Home-buyers ready for rates news
May 5, 2009 - 9:42AM
Home-buyers are unlikely to enjoy any further mortgage relief when the Reserve Bank of Australia announces its decision on interest rates this afternoon.
Experts are predicting the central bank's board will leave the official cash rate - which stands at 3%, the lowest since the 1960s - unchanged after last month's quarter-of-a-percentage-point cut and the March meeting's decision to keep rates on hold.
Interest rates: could they fall?
Most economists agree the RBA will not alter the official cash rate today but there is a dissenting voice, says Business Day reporter Chris Zappone.
Today's decision will follow yesterday's news that home prices slumped the most on record in the 12 months to March.
Australian Bureau of Statistics data showed 6.7% was shaved from house prices across the nation in that time, from a downwardly revised 3.9% fall in the 12 months ending December 31.
Economists are tipping board members will take a wait-and-see approach as the effects of the Federal Government's stimulus packages becomes more clear, and ahead of details of next week's federal budget.
"There have been tentative signs economies are at least stabilising," said Michael Turner from economic consultancy 4Cast. "The pace of decline has definitely slowed at most of our major trading partners.
"And the RBA has expressed the desire to observe the impact of the rate cuts they’ve already done and also the fiscal stimulus that already been applied."
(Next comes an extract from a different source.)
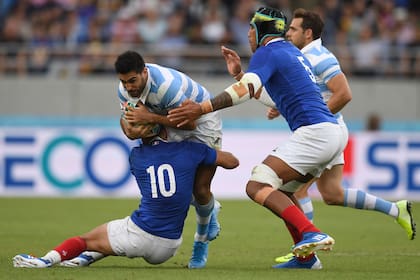 Jerónimo de la Fuente intenta un avance ante al tackle de Romain Ntamack.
Since September, the RBA has lopped 425 basis points from interest rates in a bid to keep the economy from slipping into reverse. Since then, repayments on a $400,000 mortgage have fallen by about $1000 a month.
Financial markets are pricing in a one-in-five chance of a 25-basis-point cut from the RBA today, Credit Suisse data shows.
While economists and financial markets see little chance of another cut today there is talk the key rate could come down to as low as 2% by the end of the year.